According to a report recently released by the U.S. Office of the Inspector General, that is the reality in 10 states–Alabama, Connecticut, Georgia, Hawaii, Montana, New Jersey, North Dakota, South Dakota, West Virginia and Wyoming. These states lack any requirements for home health agencies to vet their workers against criminal databases or abuse and neglect databases before sending them out on the job. Four of those ten states–Connecticut, Georgia, Hawaii and West Virginia–say they are planning on implementing background checks.
With no federal laws in place establishing minimum safeguards, I guess it could be considered good news that 40 states and the District of Columbia have instituted their own requirements, but they vary widely from state to state, and in 15 of those states employment can begin prior to the background checks being completed.
Regulations in 35 states bar individuals with specific convictions from becoming home health workers, but they differ on which offenses disqualify a person. Some states require background checks on both the federal and state levels, while other states only check for state-level convictions.
Some states require checks only on certain people, depending on the job duties or the length of residence in the state. For instance, a state might require background checks only on a person who enters the beneficiary’s home or who provides direct care. As for length of residence, if the person has resided in the state for more than 5 years, they may do only a state background check, but if the person has lived there only 18 months, they may do an FBI check as well as state.

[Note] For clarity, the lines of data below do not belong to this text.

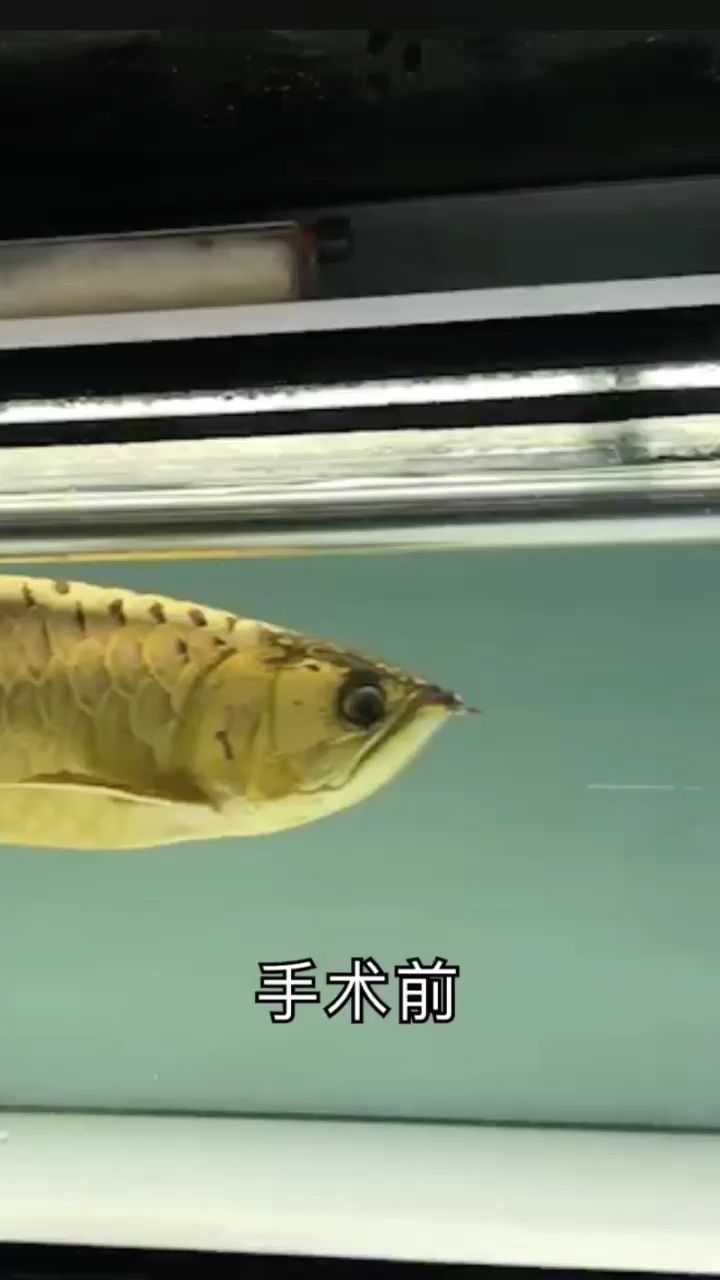 掉眼手術(shù)過(guò)程 觀賞魚(yú)論壇 第1張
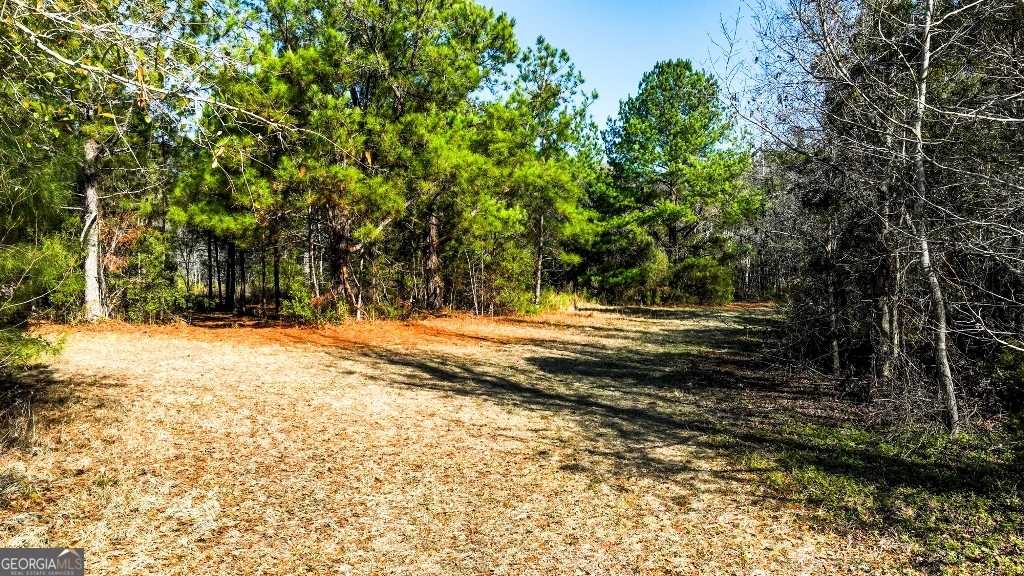 0 Crooked Road, Unit TRACT 1 Millen, GA 30442 - Photo 25 of 33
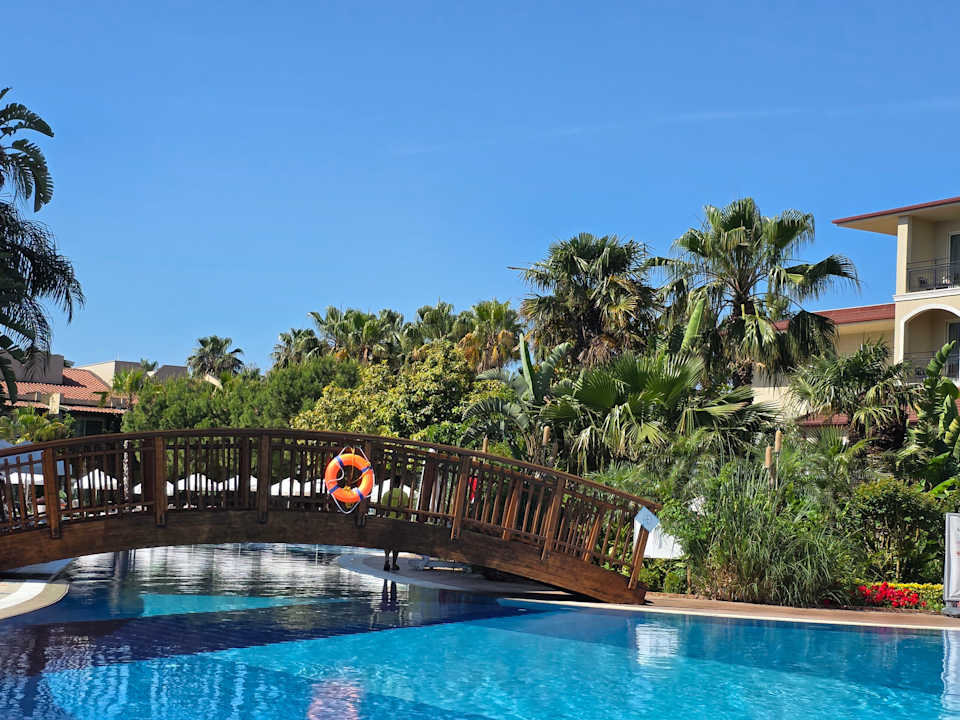 Pool Paloma Oceana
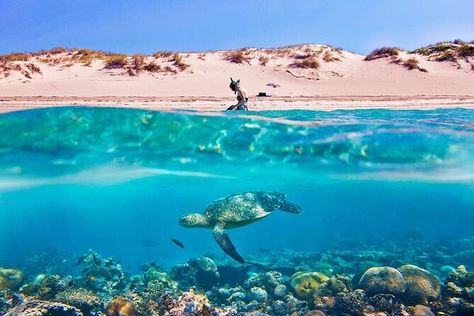 Juzur Abu Minqar Underwater Wallpaper, Sony Photography, Between Two Worlds, Australia Photos, Coral Bay, Turtle Beach, Underwater Photos, World Photography, Under Water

Here in California, background checks are required only for certain people and the check is done only on the state level.
The Office of the Inspector General is currently working on a second study that will cover how many people with criminal convictions have been hired by home health agencies as of January 1, 2014, and how many of those have convictions that potentially disqualify them for those jobs. It will also look at the procedures used to perform background checks on prospective employees. Results will be released later this year.